Up until recently, the newspaper also found itself with zero Black male news reporters outside of its sports desk. This dire statistic — amid the outlet’s ongoing shortfalls — became a rallying and activation point for the journalism-affinity groups and Free Press, which created a coalition called the Journalism Accountability Watchdog Network (J.A.W.N.).

Together, J.A.W.N. members organized a letter calling on Inquirer Publisher and CEO Lisa Hughes and other executives to live up to their antiracist call to action and build a newsroom that actually reflects the diversity of Philadelphia’s residents. The letter called for a meeting with the publisher to address ongoing DEI concerns.

Instead of meeting with the group, Hughes sent an internal email dismissing J.A.W.N’s concerns. She belittled the diverse coalition as “voices outside the organization” even though members of the groups that make up J.A.W.N. include current and former Inquirer staff.

The surprising reaction from an institution that just two years earlier had promised to become antiracist was not lost on members of J.A.W.N. or other media institutions. The New Jersey chapter of the Society of Professional Journalists published a statement supporting J.A.W.N. Montclair State University’s Center for Cooperative Media noted that the Inquirer’s refusal to meet with J.A.W.N. amounted to a “master class” in how not to respond to criticism of your newsroom.

Three months later, the Inquirer found itself in the spotlight at the Philadelphia Association of Black Journalists’ awards gala, where it received PABJ’s first-ever thumbs-down award. PABJ slammed the paper for failing to engage with local journalism-affinity groups on DEI efforts, disregarding diverse media leaders, gaslighting J.A.W.N and failing to address the myriad grievances from both communities and journalists of color.

Meanwhile, the PABJ President’s Award was bestowed to the organizations that make up J.A.W.N. for their efforts to hold institutions like the Inquirer accountable for their actions. And in early 2023, J.A.W.N. won the Pen and Pencil Club’s award for Collaborative Journalism Project of the Year, beating out establishment organizations including The Inquirer and WHYY.

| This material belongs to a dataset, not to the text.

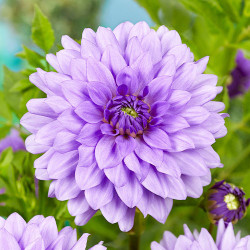 Бульби жоржини Blue Boy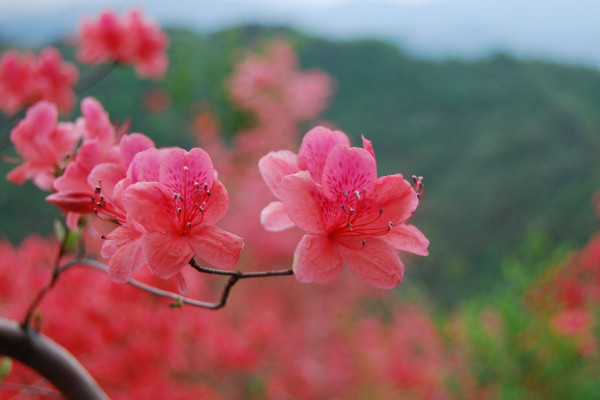 映山紅什么時候移栽好,清明節(jié)前后最佳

Vanessa Maria Graber, Ernest Owens and Tauhid Chappell hold the award J.A.W.N. received for Collaborative Journalism Project of the Year.
Free Press’ Vanessa Maria Graber and Tauhid Chappell (left and right) with J.A.W.N. coalition partner Ernest Owens

The road ahead in 2023 and beyond for Free Press

2023 is shaping up to be an important election year in Philadelphia as politicians, advocates and other community leaders are tossing in their hats for the upcoming mayoral election, with gun violence and crime shaping up to be a primary talking point for all candidates.

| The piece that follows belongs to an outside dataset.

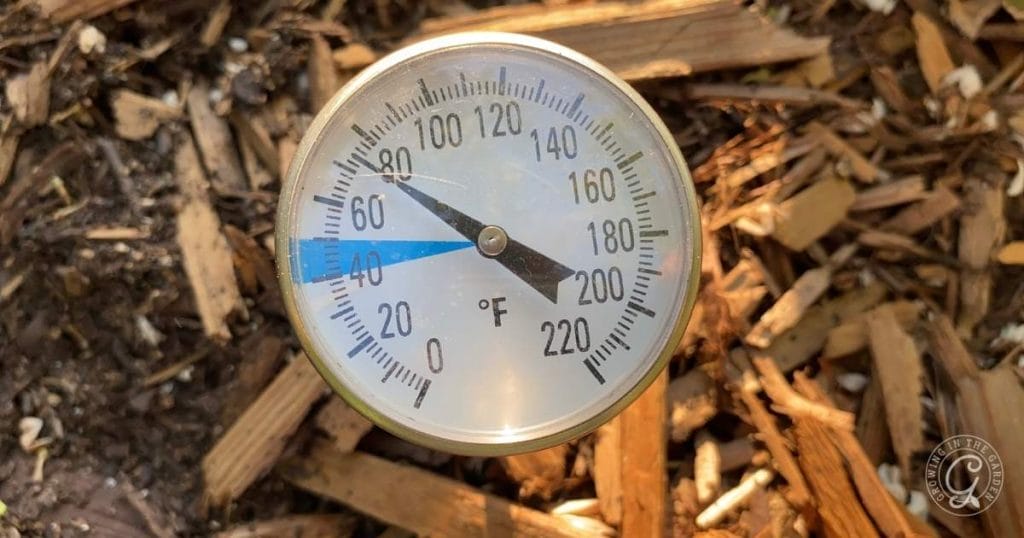 How and Why to Use Soil Temperature Guidelines for Planting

Free Press is continuing to identify and deploy tactics that address Philadelphia media narratives around public safety, crime, violence and the carceral system. Free Press is working with J.A.W.N.’s journalism-affinity groups to define what media accountability looks like for the entire media apparatus within Philadelphia. Free Press and the coalition are working with the MIC Center to learn about research exploring the impact of coverage on communities. The groups are also working with Movement Alliance Project on ways to build connected community-narrative power.

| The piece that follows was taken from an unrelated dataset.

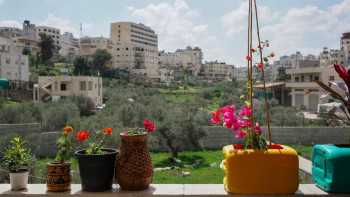 'The good, the bad and the ugly': Inside Palestine's best budget hostel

Free Press is also addressing the personal impacts of harmful crime coverage. We are planning a series of brainstorms with therapists and organizers to identify needs and strategies for caring for people. These brainstorms will create a foundation for our care work, which will be a heavy focus of our community engagement in 2023.

There is more work to be done in Philadelphia. These media institutions in Philadelphia are well-funded, opaque in their editorial processes and policies, and do not accurately or adequately address the critical information needs Black, Brown and Asian communities have when it comes to gun violence, police and the criminal-legal system. As a mayoral race looms in Philadelphia, where public safety is the top issue among all candidates, now’s the time to elevate the community solutions and the critical information systems that will keep us safe.